During a revival of liberalism within Latin America in the late 19th century, liberal leaders yearned to replicate European customs (Wood, 131) while also establishing their place in the global trade market. Looking to modernize, many different nations implemented railroad construction, as it symbolized progress and industrialization (Burns, 134). In this picture titled, “Children on Railroad Tracks,” from the Tulane University Digital Library, said to be taken in 1850-1900, we see two children in Ajusco of Mexico City, Mexico, walking along railroad tracks. Liberals encouraged the utilization of vast landscape to grow their exports, either “temperate agricultural commodities,” “tropical agricultural commodities,” and “mineral products,” to trade to Europe and the U.S. This new form of transport made these vast untouched lands accessible to liberals and companies to use them to grow agricultural goods. Because of this rapid expansion, railroads facilitated the transport of these goods over long distances. They also carried workers to their job sites. Railroads, that ranged over thousands of miles throughout Latin America, (Dimas, 100) are a physical manifestation of the efforts made by liberals to not only open Latin America to the global stage, but to conform to the standards imposed by the Global north.

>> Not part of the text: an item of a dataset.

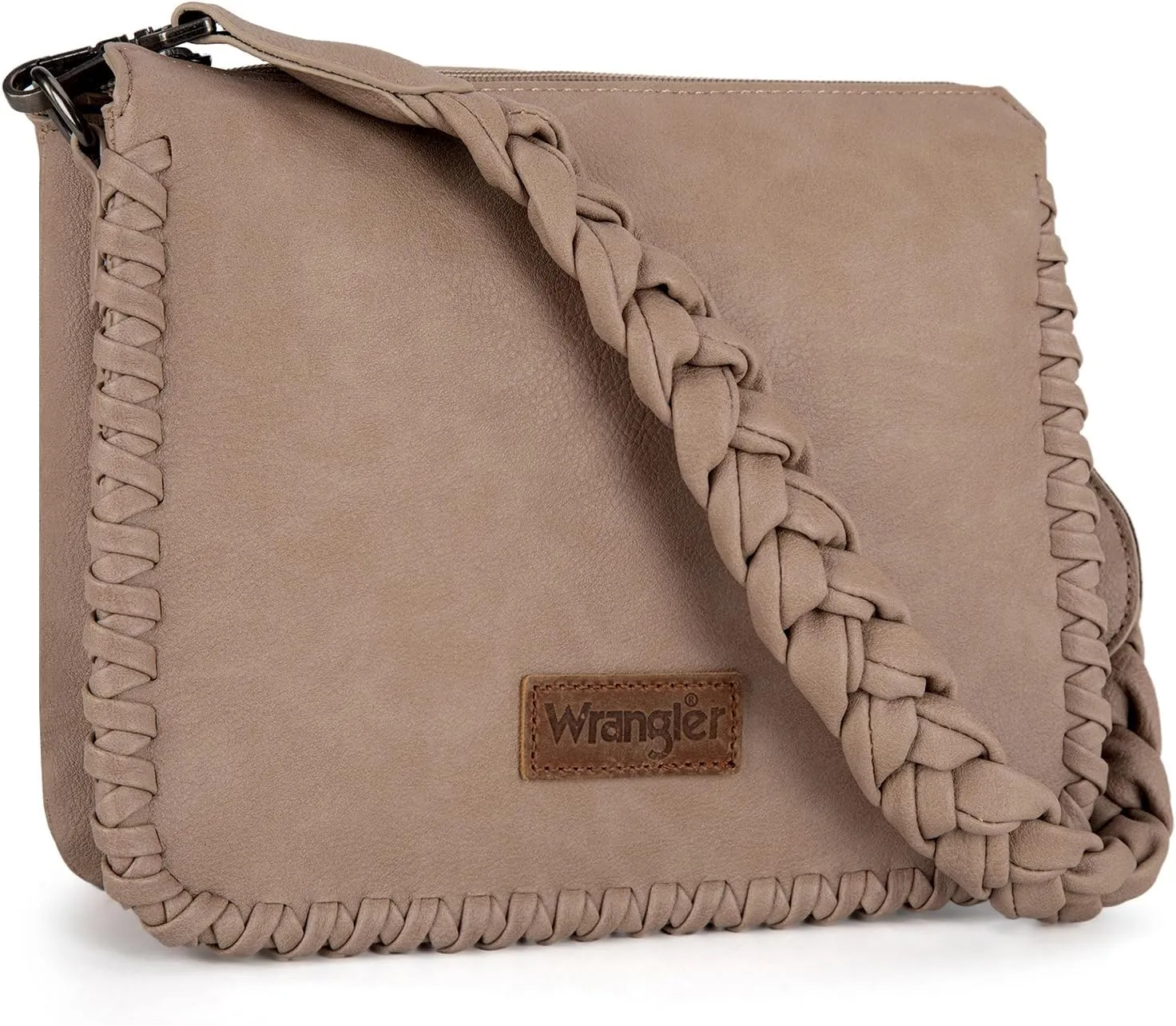 Wrangler Shoulder Bag for Women Crossbody Purse with Woven Strap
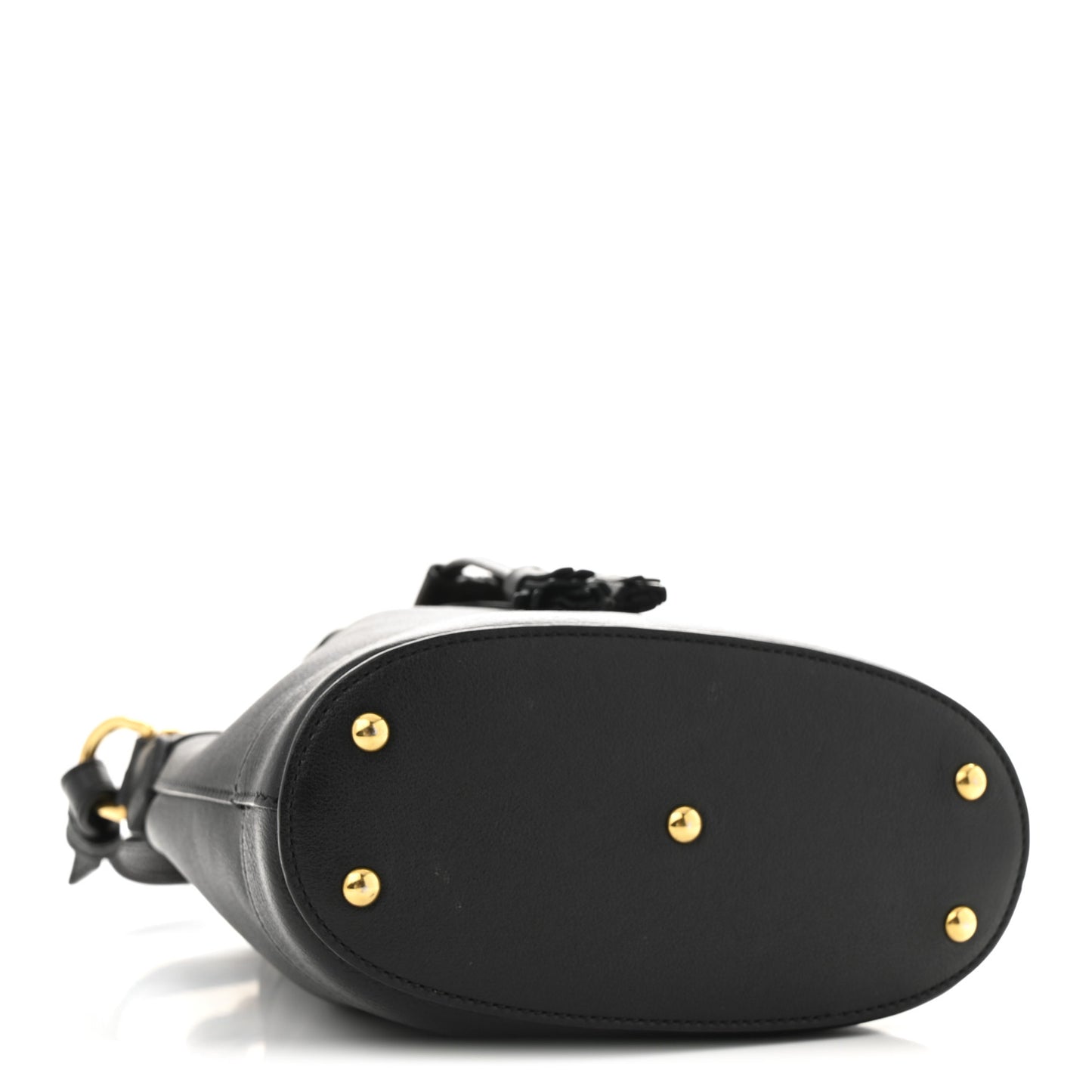 Softy Wonka Textured Dollar Calfskin Mini Diana Bucket Bag Black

Through free trade and establishing an export-oriented economy, liberals brought conditions to the masses in which the economy could support population growths. In the same country in which the picture was taken, Mexico’s “population increased from 9.4 million in 1877 to 15.2 million in 1910,” because of the export boom and exponential growth of capital (Furtado, 267-269). The population growth is represented by the two children pictured. Although liberals attempted to push Eurocentric standards onto the rural masses, famously advocated by Domingo Faustino Sarmiento of Argentina in his “Civilization versus Barbarism,” we see here in this picture the lack of shoes on the children. Sarmiento encourages the masses to take on European attire, as the culture of the countryside is “barbarous” (Sarmiento, 139). Although they pushed this rhetoric of economic and cultural “progress,” the realities of the impoverished masses were commonly dismissed because these large regions physically separated the rural masses from the state (Dawson, 100). Because these new forms of large-scale production over on privatized land demanded mass labor, the peasantry was transformed into a unique working class. Agricultural workers who worked for wages faced exploitative conditions and increasing inequality against landowners. There were massive economic and cultural transformations, at the expense of the rural masses and their children.
Works Cited:
Dawson, Alexander. Latin America since Independence: A History with Primary Sources. 3rd ed. New York: Routledge, 2022.
Wood, James A. and Anna Rose Alexander, editors. Problems in Modern Latin American History: Sources and Interpretations. 5th ed. Lanham: Rowman & Littlefield, 2019.